How does the Europe market work?
More than just ample amounts of chocolate and copious varieties of cheese, Europe can be a region to look at when you’re looking at diversifying your investments. The European market has been under the spotlight recently in the mainstream news.
If you are looking for a new region to invest your money in European equities can add some variety and diversity to your portfolio. Diversifying your investments can lead to higher returns in the long term – and in the end, we are all seeking the best return for our money.
What to know before buying European equities?
The European equity market consists of some different stock exchanges – with major stock exchanges operating within each of the larger countries such as Germany and France. However, there are also two major stock exchanges which cover Europe more broadly:
- Euronext, which has bases in Amsterdam, Brussels, London, Lisbon and Paris.
- OMX, which is comprised of Scandinavian and Baltic equity trading
Both of these markets have lots of choices of different equities to buy and sell and lots of different people for you to buy and sell with. This characteristic is known as liquidity – and the Euronext exchange is the most liquid of the two.
Getting started in the Europe Market
For the more liquid equities, your broker will help you with the simple paperwork involved in trading European equities. You do not need to worry too much about this detail as you can place your buy and sell orders with your broker and they will take care of the rest.
However, a lot of the European market is not straightforward to access for smaller trading amounts. Therefore, when investing in the European equity market, the best option as a Singapore-based investor can be to buy a share in a European fund. This means that a financial institution will go to the trouble of investing in a range of European equities – with the associated costs and paperwork – and hold them together in a fund. They will then simply sell you a piece of that fund in one straightforward transaction.
Purchasing your equities in the Europe Market?
As well as the exchanges that span the wider European region, there are some national markets that are dominant on a global scale.
The two biggest of these are The London Stock Exchange in the United Kingdom and the Deutsche Börse in Germany – both of which are in the ten biggest in the world. There are two main markets in which companies trade on the London Stock Exchange.
There is the main market which has over 1,300 large companies listed from 60 different countries. The second market is the Alternative Investment Market (AIM) which acts as an international market for smaller growing companies. Normal trading sessions on the UK main market run from 8.00am to 4.30pm Monday to Friday UK time, with opening and closing auctions at either side of the trading session.
In the UK the biggest index is the FTSE 100 – it is the main share index of the 100 most highly capitalised UK companies listed on the Main Market.

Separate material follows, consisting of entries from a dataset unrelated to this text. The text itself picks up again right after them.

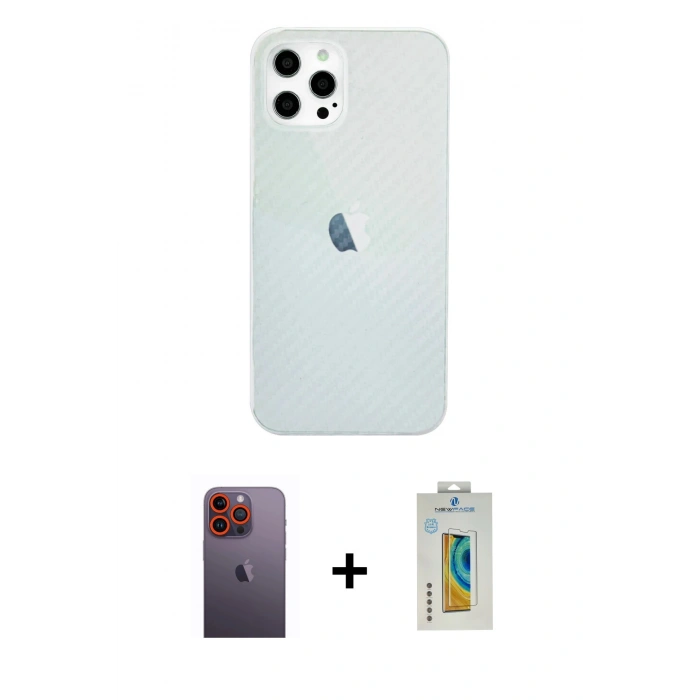 ieg™ iPhone 12 Pro Max Kılıf Nova Çizgi - Siyah Polymer Nano Ekran Koruyucu + Turuncu Neon Fosforlu Kamera Lens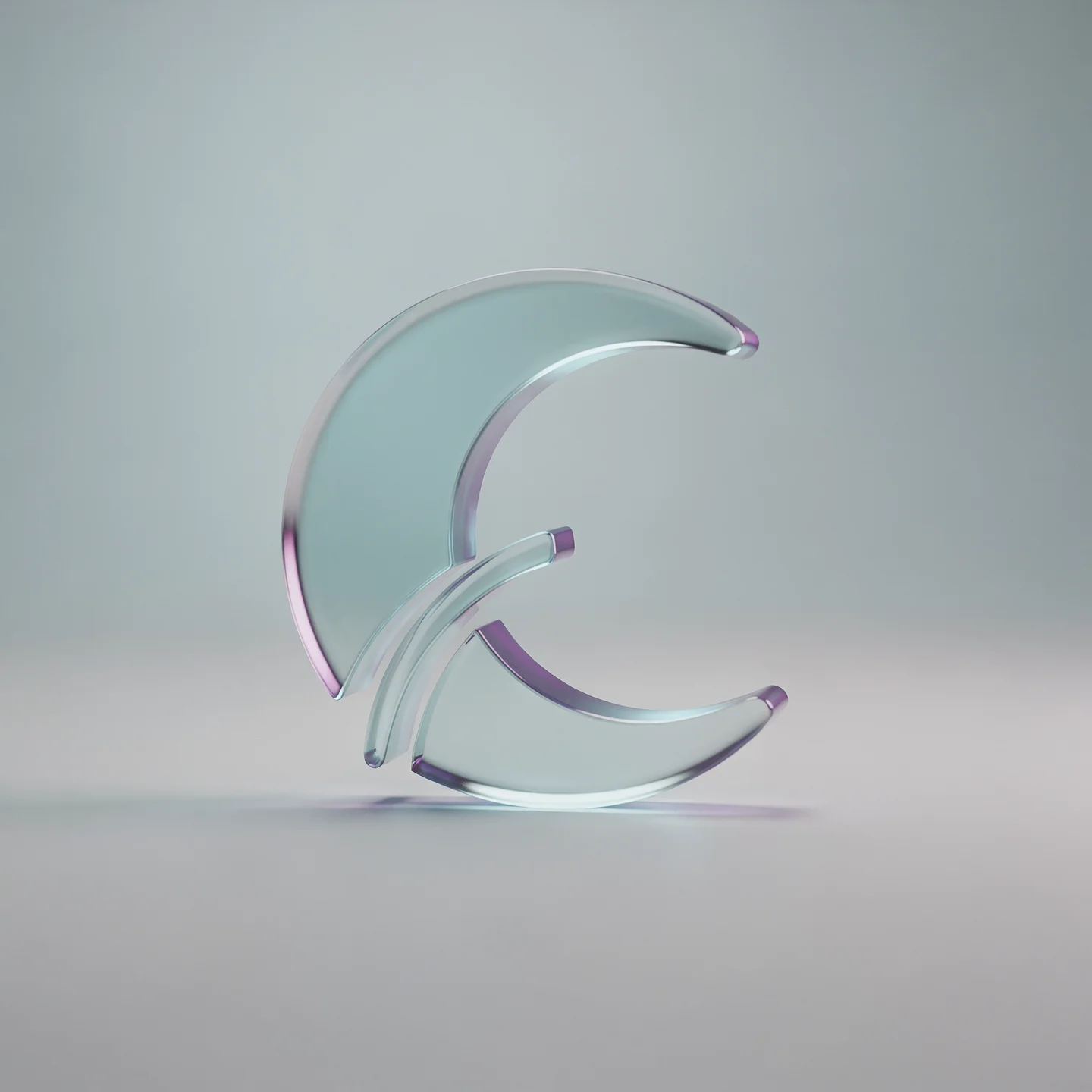 Holo-Glas-Icon: Halbmondförmige Ruheform mit kleiner Rückkehrlinie als Symbol für Pause und Wiederanknüpfen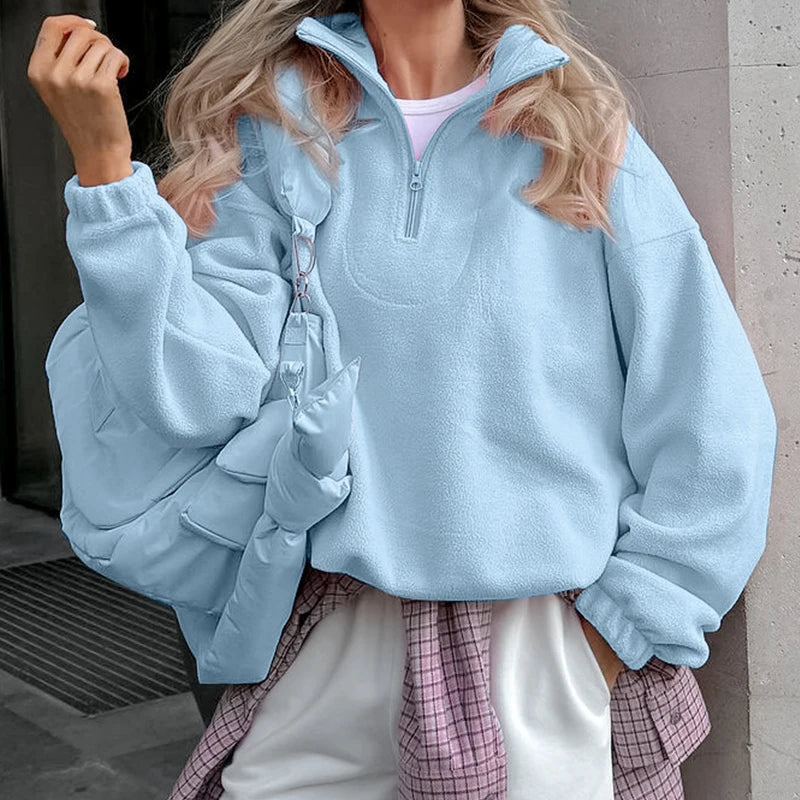 Pink Winter Fleece Women Hoodie Zipper Pullover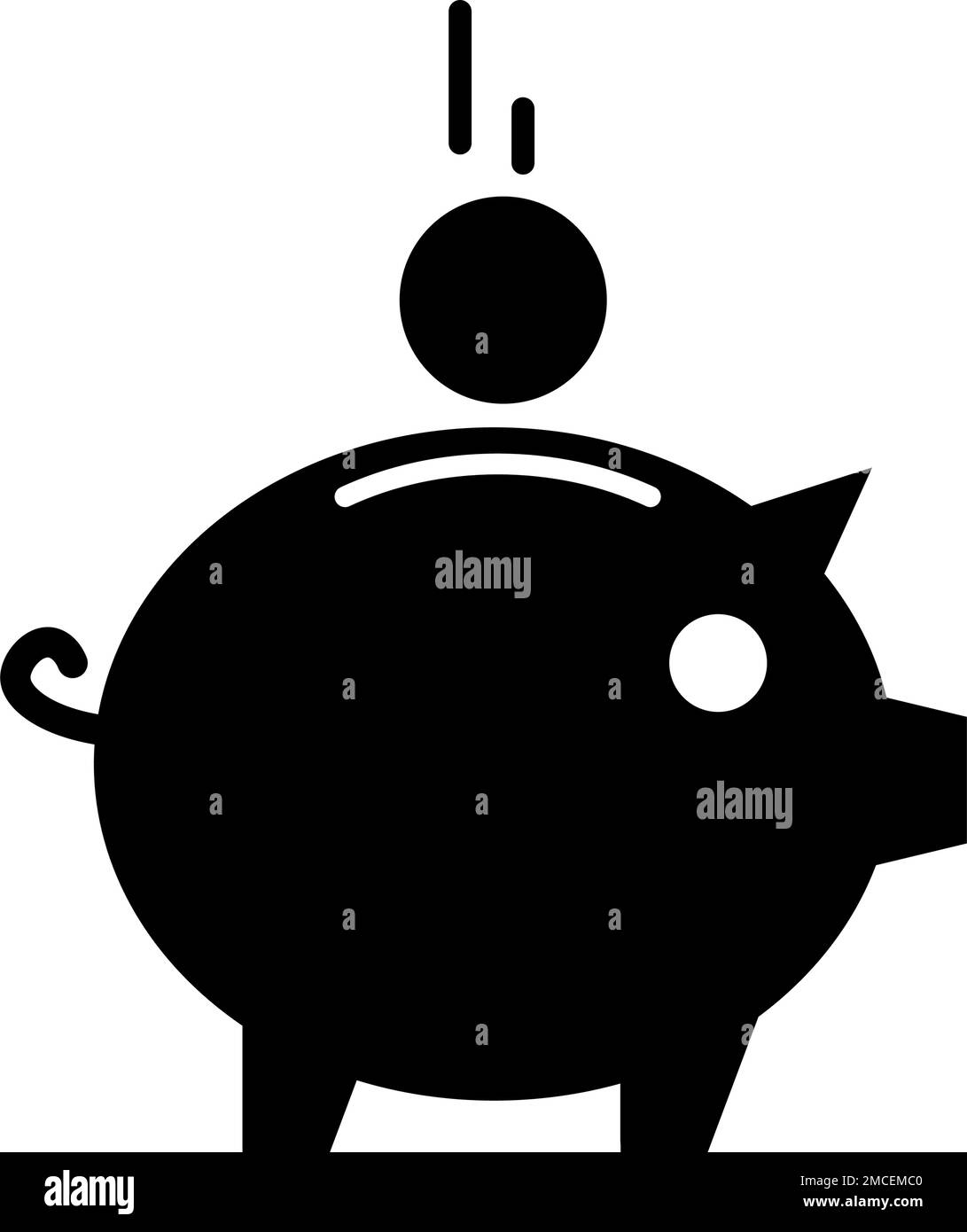 Die Silhouette des Sparschweins im Moment, in dem das Geld auf das Sparschwein gelegt wird. Ersparnisse. Bearbeitbarer Vektor. Stock Vektor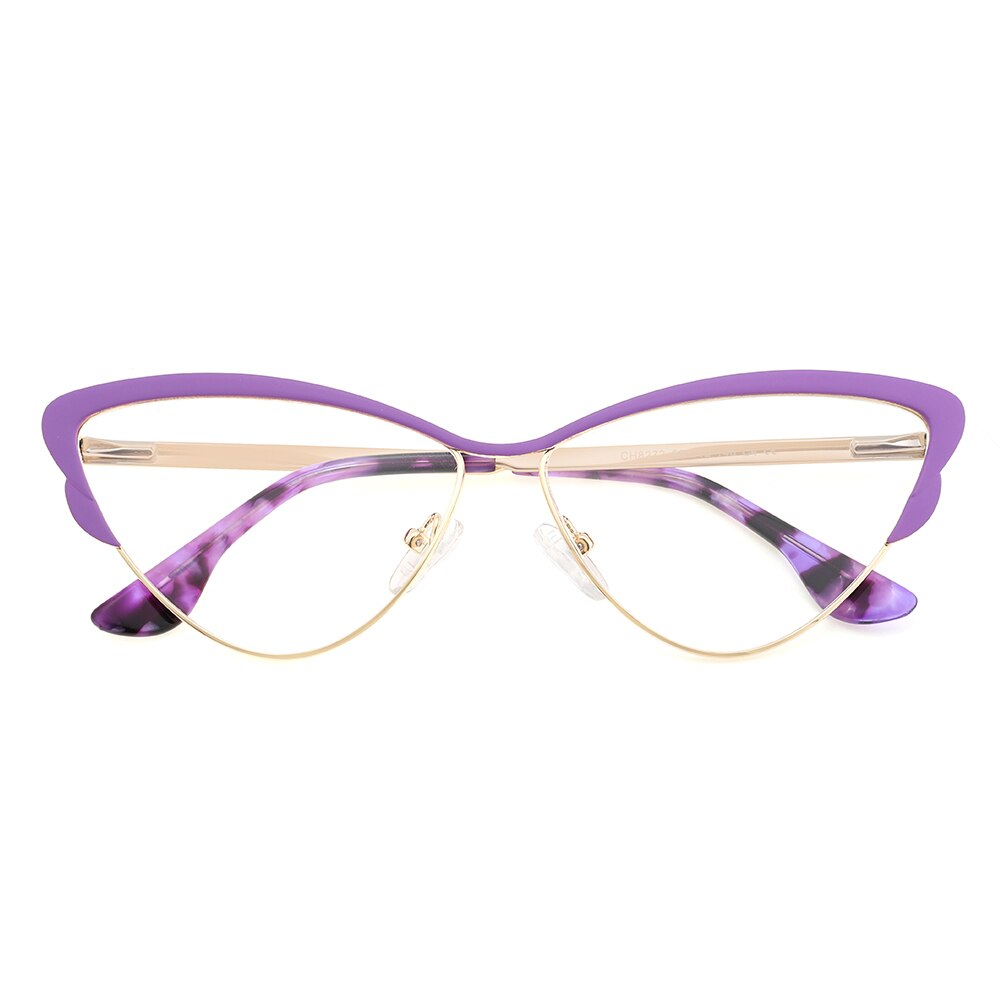Laoyehui Women's Eyeglasses Cat Eye Reading Glasses Ch8272 Reading Glasses Laoyehui 0 Purple 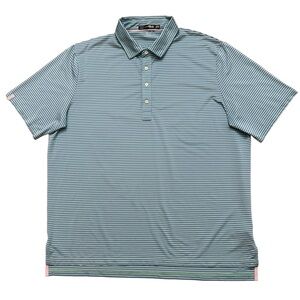RLX Ralph Lauren Polo Shirt Mens 2XL Short Sleeve Golf Stretch Green Striped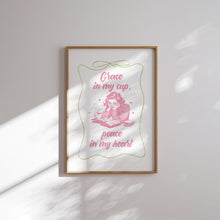 Load image into Gallery viewer, pink green Cottage core Christian wall art print (Choose your print) 02-322
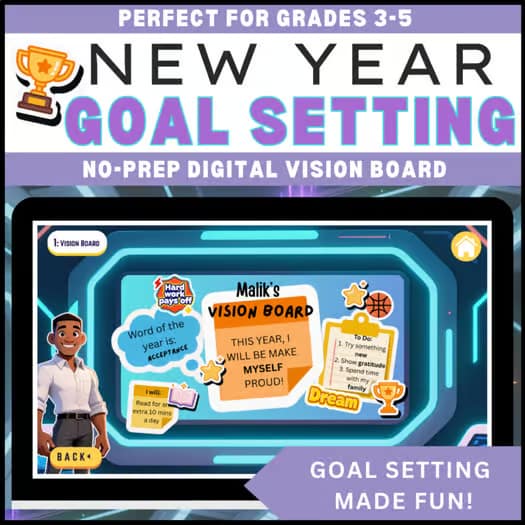New Year Vision Board 2026 | SMART Goals Writing Activity | Digital Goal Setting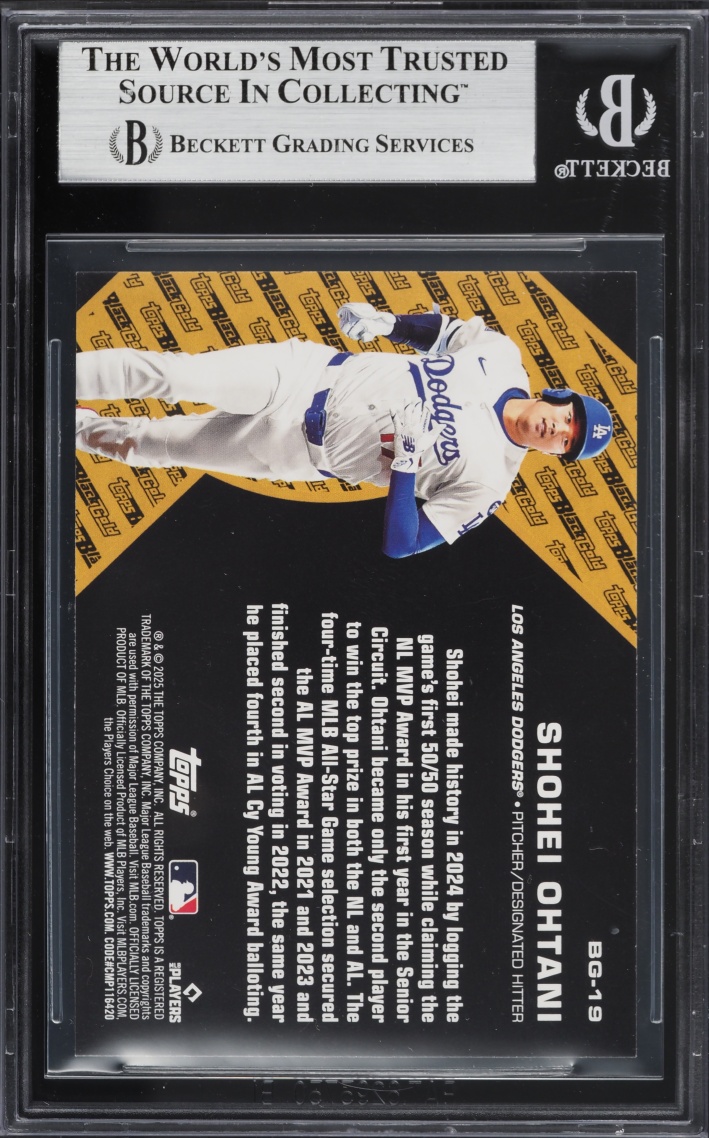 2025 Topps Update Black Gold Shohei Ohtani #BG19 BGS 8.5 NM-MT+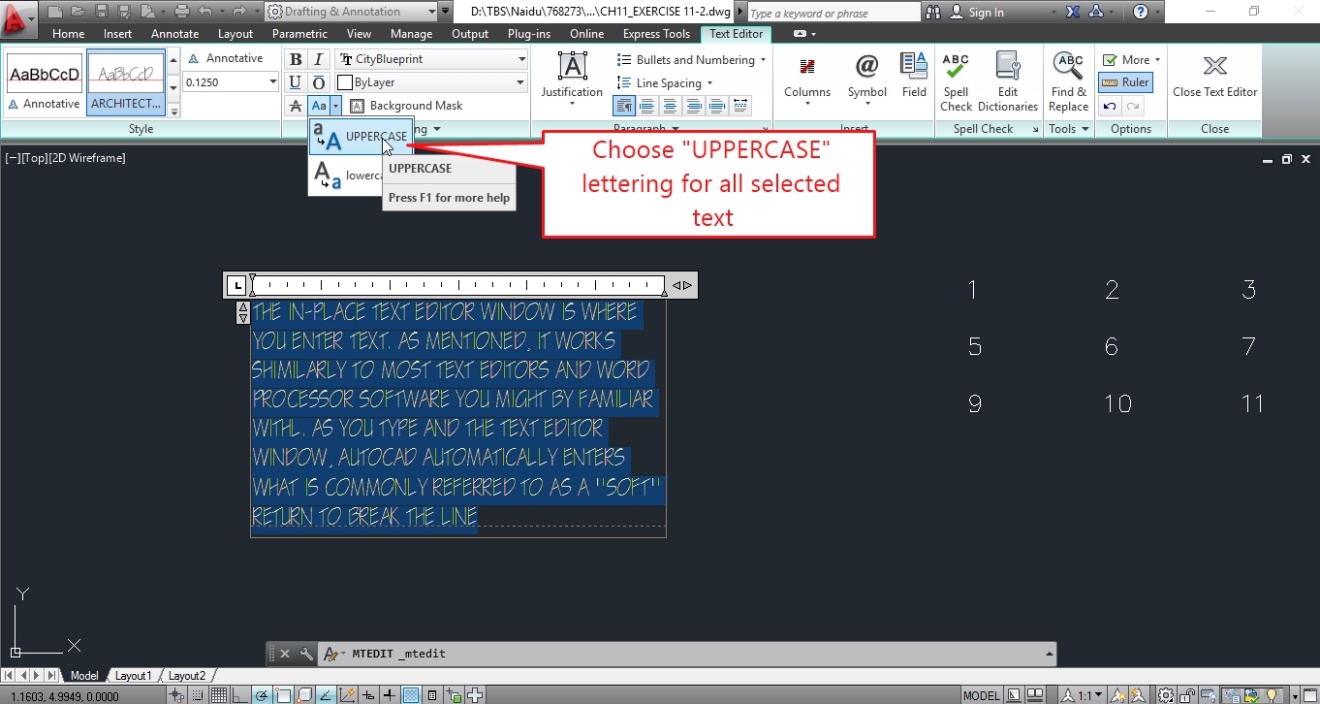 How to edit the text in AutoCAD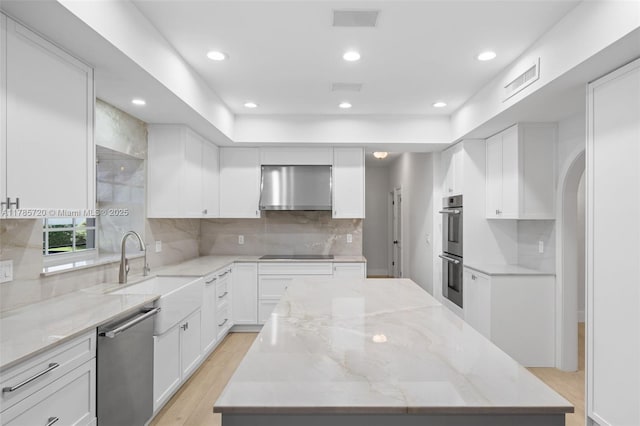 6320 Hancock Rd, Southwest Ranches, FL 33330 - kitchen featuring stainless steel appliances, wall chimney exhaust hood, a center island, decorative backsplash, and white cabinets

This index covers a broad range of industries. All trading at the London Stock Exchange takes place electronically through screen-based trading systems.
For Germany and the Deutsche Borse, the major traded index is the DAX index. This is an index made from blue-chip stocks consisting of the 30 major German companies trading on the Frankfurt Stock Exchange which is a subsidiary of the Deutsche Borse.
The Frankfurt Stock Exchange accounts for over 90 percent of the turnover in the German market and operates under a purely electronic trading system with hours of trading running from 9 am to 530 pm and a closing auction from 5 pm to 535pm.
Both of these European markets are very popular with investors on a global scale and can offer good returns and diversification to your portfolio with a fairly stable risk profile.
What should you look out for?
The key difference for you when investing in European equities is the timing. Singapore is 7hours ahead of time of Europe. This means when it is 9 am in Europe it will be 4 pm in Singapore. So if you wanted to follow the European equity market through the trading day, this would begin during your afternoon in Singapore time.
Also, don’t forget that there are risks involved in equity investing. If the company goes bankrupt, whether European or Singaporean, you risk losing the total amount you invested.
When investing in European equities keep in mind that your investment can be affected by European-based factors – such as an economic and political change in the region. This can be especially challenging as Europe is made up of a number of distinctly different countries each with unique characteristics.
Keeping track of your equity portfolio
An important part of investing in the Europe market is the currency difference. You will be buying and selling equities in Euros. Your broker will convert your Singapore dollars to Euros, but the rate is constantly changing. Keep a close eye on this exchange rate when making your investment choices – as this can affect how well your investment performs. Monitor your equity portfolio carefully, and you are more likely to achieve higher returns on your investments.